Down to the last line, repeat the records exactly.

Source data
★ ★ ★ ★

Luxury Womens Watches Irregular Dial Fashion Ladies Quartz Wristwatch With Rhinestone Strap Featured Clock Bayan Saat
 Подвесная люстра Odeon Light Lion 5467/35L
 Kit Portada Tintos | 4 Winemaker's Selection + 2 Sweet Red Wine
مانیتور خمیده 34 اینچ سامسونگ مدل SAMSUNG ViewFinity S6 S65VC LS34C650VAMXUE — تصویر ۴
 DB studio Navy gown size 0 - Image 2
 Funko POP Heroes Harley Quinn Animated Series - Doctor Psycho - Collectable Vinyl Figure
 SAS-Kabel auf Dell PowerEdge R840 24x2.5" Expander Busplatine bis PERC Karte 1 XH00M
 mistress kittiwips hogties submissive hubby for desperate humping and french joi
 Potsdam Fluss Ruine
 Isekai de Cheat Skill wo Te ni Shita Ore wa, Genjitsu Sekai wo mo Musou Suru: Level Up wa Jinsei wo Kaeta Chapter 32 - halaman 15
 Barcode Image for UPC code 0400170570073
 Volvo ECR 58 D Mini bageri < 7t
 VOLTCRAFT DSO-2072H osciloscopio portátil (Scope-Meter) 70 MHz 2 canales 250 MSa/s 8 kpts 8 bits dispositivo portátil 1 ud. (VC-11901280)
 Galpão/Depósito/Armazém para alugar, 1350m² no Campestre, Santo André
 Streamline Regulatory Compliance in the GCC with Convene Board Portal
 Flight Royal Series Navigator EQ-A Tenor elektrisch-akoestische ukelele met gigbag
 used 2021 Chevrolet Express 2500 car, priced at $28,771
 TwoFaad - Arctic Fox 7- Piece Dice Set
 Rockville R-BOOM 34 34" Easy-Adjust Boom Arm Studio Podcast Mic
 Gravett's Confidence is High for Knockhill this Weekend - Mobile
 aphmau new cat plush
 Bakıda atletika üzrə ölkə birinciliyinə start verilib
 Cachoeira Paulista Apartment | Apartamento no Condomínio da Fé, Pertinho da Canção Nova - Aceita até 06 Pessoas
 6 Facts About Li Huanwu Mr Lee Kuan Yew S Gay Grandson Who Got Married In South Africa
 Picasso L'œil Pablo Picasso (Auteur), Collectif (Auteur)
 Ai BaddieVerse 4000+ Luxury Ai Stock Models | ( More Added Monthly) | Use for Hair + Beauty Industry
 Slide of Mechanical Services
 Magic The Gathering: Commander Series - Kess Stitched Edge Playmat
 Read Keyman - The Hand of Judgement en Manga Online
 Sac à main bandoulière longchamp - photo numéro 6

★ ★ ★ ★

Completed exercise:
Luxury Womens Watches Irregular Dial Fashion Ladies Quartz Wristwatch With Rhinestone Strap Featured Clock Bayan Saat
 Подвесная люстра Odeon Light Lion 5467/35L
 Kit Portada Tintos | 4 Winemaker's Selection + 2 Sweet Red Wine
مانیتور خمیده 34 اینچ سامسونگ مدل SAMSUNG ViewFinity S6 S65VC LS34C650VAMXUE — تصویر ۴
 DB studio Navy gown size 0 - Image 2
 Funko POP Heroes Harley Quinn Animated Series - Doctor Psycho - Collectable Vinyl Figure
 SAS-Kabel auf Dell PowerEdge R840 24x2.5" Expander Busplatine bis PERC Karte 1 XH00M
 mistress kittiwips hogties submissive hubby for desperate humping and french joi
 Potsdam Fluss Ruine
 Isekai de Cheat Skill wo Te ni Shita Ore wa, Genjitsu Sekai wo mo Musou Suru: Level Up wa Jinsei wo Kaeta Chapter 32 - halaman 15
 Barcode Image for UPC code 0400170570073
 Volvo ECR 58 D Mini bageri < 7t
 VOLTCRAFT DSO-2072H osciloscopio portátil (Scope-Meter) 70 MHz 2 canales 250 MSa/s 8 kpts 8 bits dispositivo portátil 1 ud. (VC-11901280)
 Galpão/Depósito/Armazém para alugar, 1350m² no Campestre, Santo André
 Streamline Regulatory Compliance in the GCC with Convene Board Portal
 Flight Royal Series Navigator EQ-A Tenor elektrisch-akoestische ukelele met gigbag
 used 2021 Chevrolet Express 2500 car, priced at $28,771
 TwoFaad - Arctic Fox 7- Piece Dice Set
 Rockville R-BOOM 34 34" Easy-Adjust Boom Arm Studio Podcast Mic
 Gravett's Confidence is High for Knockhill this Weekend - Mobile
 aphmau new cat plush
 Bakıda atletika üzrə ölkə birinciliyinə start verilib
 Cachoeira Paulista Apartment | Apartamento no Condomínio da Fé, Pertinho da Canção Nova - Aceita até 06 Pessoas
 6 Facts About Li Huanwu Mr Lee Kuan Yew S Gay Grandson Who Got Married In South Africa
 Picasso L'œil Pablo Picasso (Auteur), Collectif (Auteur)
 Ai BaddieVerse 4000+ Luxury Ai Stock Models | ( More Added Monthly) | Use for Hair + Beauty Industry
 Slide of Mechanical Services
 Magic The Gathering: Commander Series - Kess Stitched Edge Playmat
 Read Keyman - The Hand of Judgement en Manga Online
 Sac à main bandoulière longchamp - photo numéro 6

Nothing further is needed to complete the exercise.